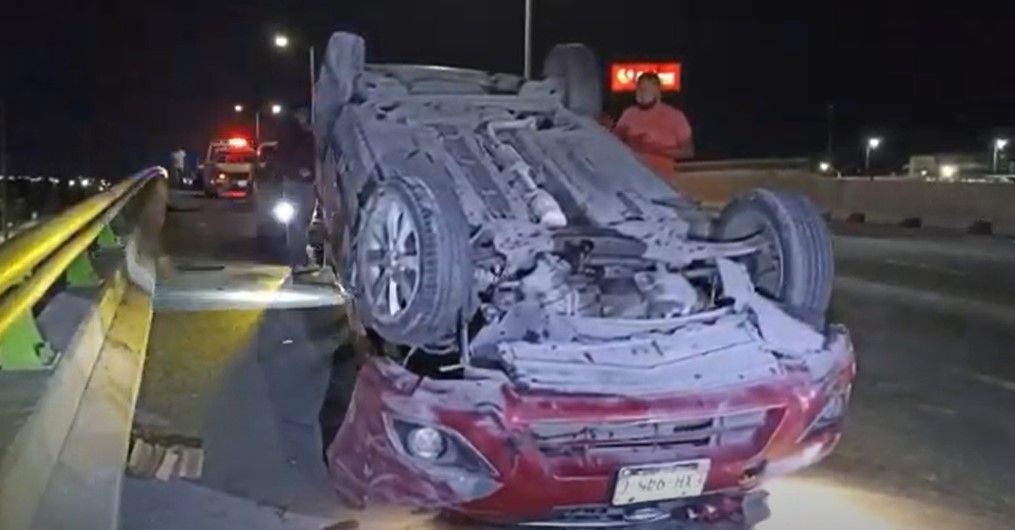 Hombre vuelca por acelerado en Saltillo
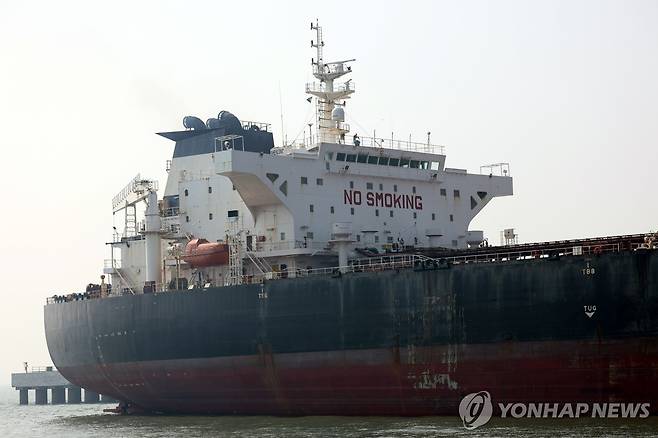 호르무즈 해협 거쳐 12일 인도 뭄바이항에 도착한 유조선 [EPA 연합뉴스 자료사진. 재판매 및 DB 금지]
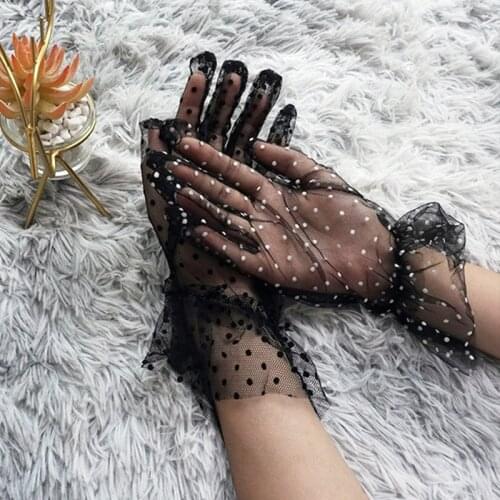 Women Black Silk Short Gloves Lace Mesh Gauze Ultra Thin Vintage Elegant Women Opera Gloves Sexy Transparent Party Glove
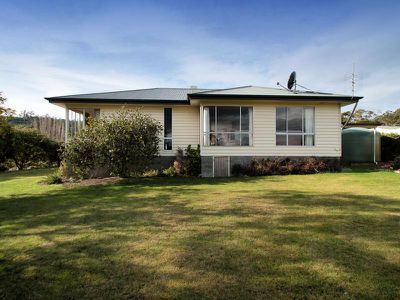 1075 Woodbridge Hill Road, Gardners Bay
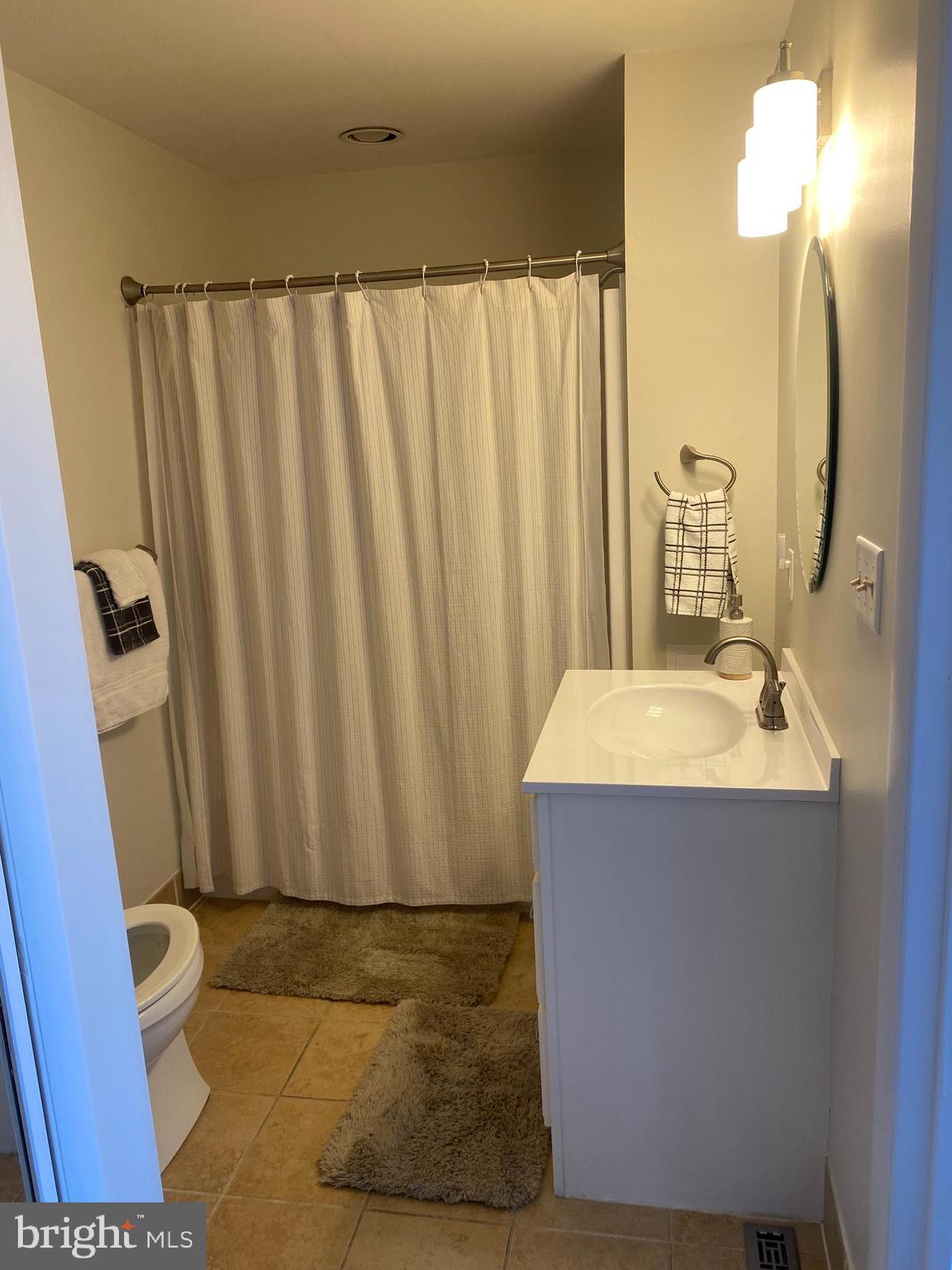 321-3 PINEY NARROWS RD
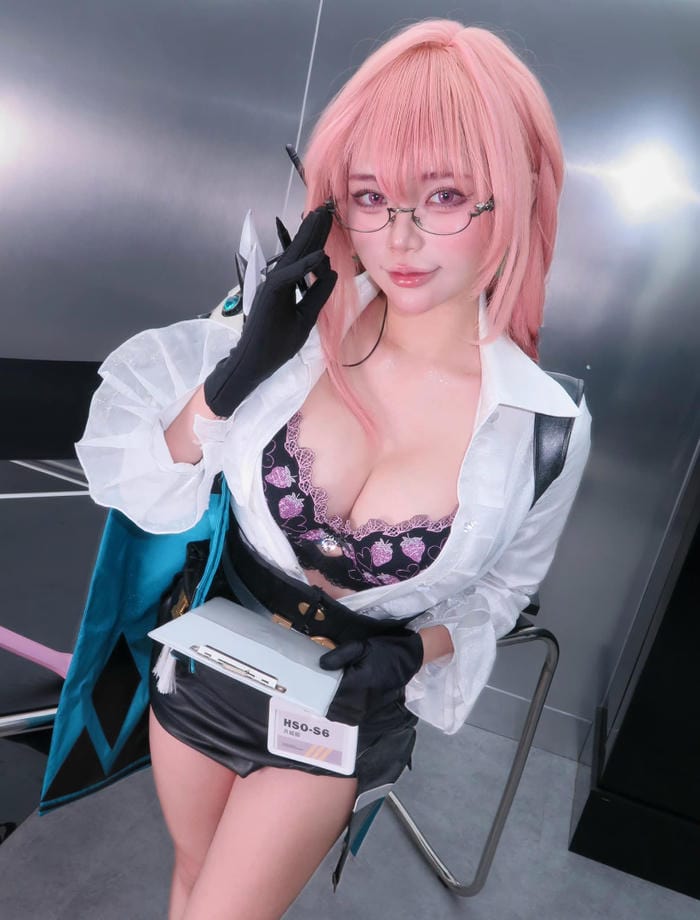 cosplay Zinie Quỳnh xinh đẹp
● ● ● ● ●
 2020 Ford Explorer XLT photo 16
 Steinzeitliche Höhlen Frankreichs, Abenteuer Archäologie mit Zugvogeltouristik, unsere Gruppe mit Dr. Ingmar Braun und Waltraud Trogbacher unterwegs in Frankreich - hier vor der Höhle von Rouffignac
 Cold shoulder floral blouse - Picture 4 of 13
● ● ● ● ●
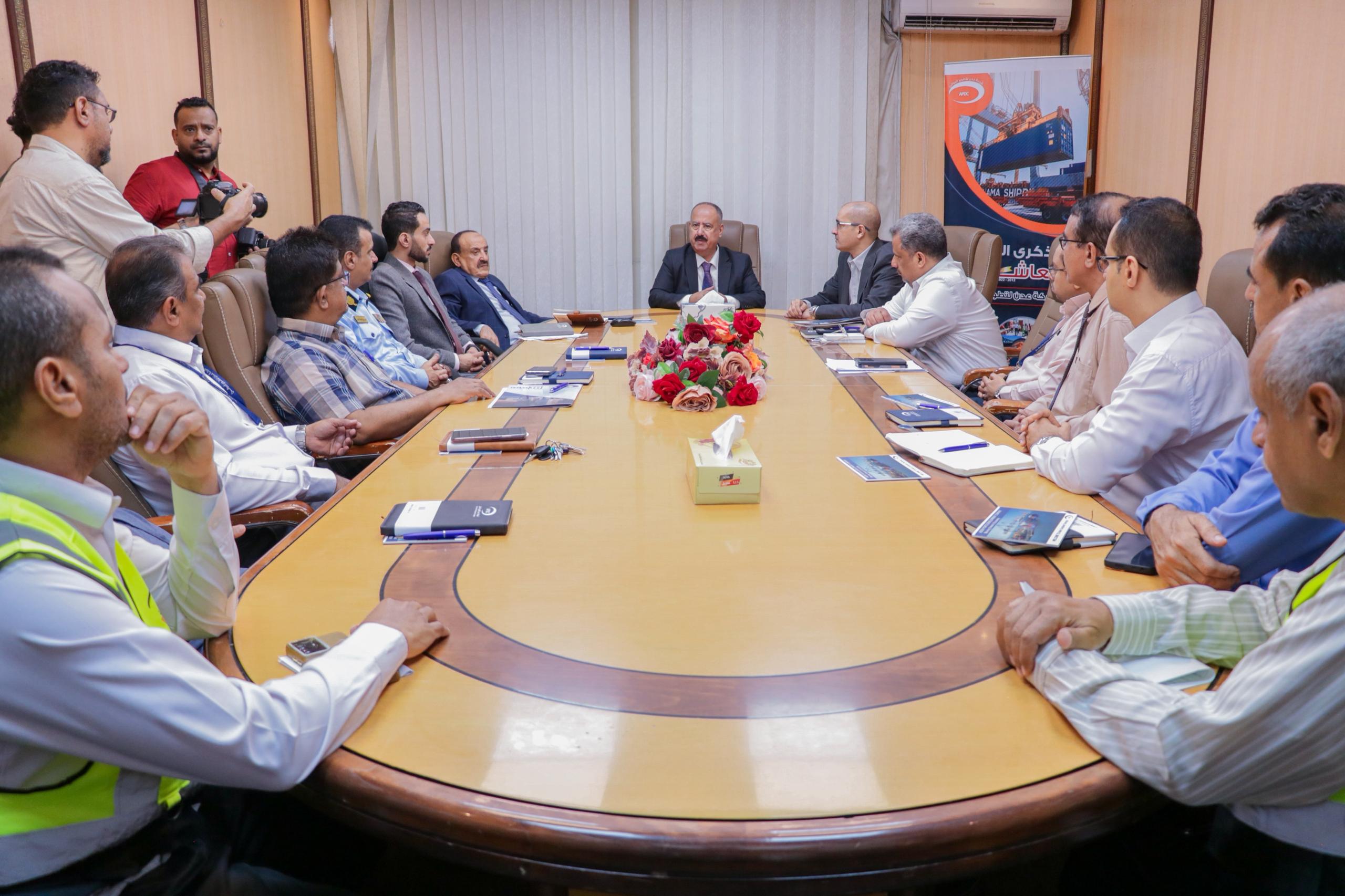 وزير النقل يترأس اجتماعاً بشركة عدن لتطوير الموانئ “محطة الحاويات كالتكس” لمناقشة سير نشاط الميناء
● ● ● ● ●
Task objective: Give again, exactly as written above, every line from the one holding "Hombre vuelca por acelerado en Saltillo" to the one holding "cosplay Zinie Quỳnh xinh đẹp", with both ends kept and the pictures left out.

Completed task:
 Hombre vuelca por acelerado en Saltillo
 호르무즈 해협 거쳐 12일 인도 뭄바이항에 도착한 유조선 [EPA 연합뉴스 자료사진. 재판매 및 DB 금지]
 Women Black Silk Short Gloves Lace Mesh Gauze Ultra Thin Vintage Elegant Women Opera Gloves Sexy Transparent Party Glove
 1075 Woodbridge Hill Road, Gardners Bay
 321-3 PINEY NARROWS RD
 cosplay Zinie Quỳnh xinh đẹp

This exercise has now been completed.